As for experience, he’s certainly been around: New York’s Apollo Theater, the Duc des Lombards in Paris, back to Montreux in the Miles Davis Hall and return appearances at the venerable Ronnie Scott’s in London, as appreciated by London Jazz News: Isfar Sarabski, still in his mid-20s, captured the audience with dramatic dynamics and sheer technical brilliance.
His repertoire is equally expansive: we mentioned the classics, and his Swan Lake is something else. Bach and Chopin can appear, as can Piazzola tangos, jazz standards and pop.
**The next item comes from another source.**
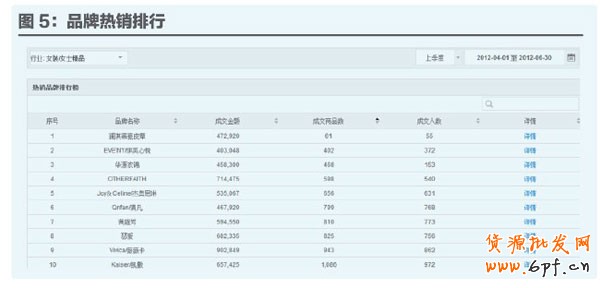 店鋪定位 店鋪定位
His home grown roots include pioneer jazzman Vagif Mustafazadeh, who wove the complexities of traditional mugham music into western-style jazz. Vagif’s legacy is there in Isfar’s own compositions like Novruz, celebrating the main spring holiday at home. There are many other inspirations: Déjà Vu the result of an art photography project. He has played in concert halls, clubs and cellar dives; going solo or with trios and orchestras. And his more recent adventures in electro promise many more wonders to come. Listen to this space.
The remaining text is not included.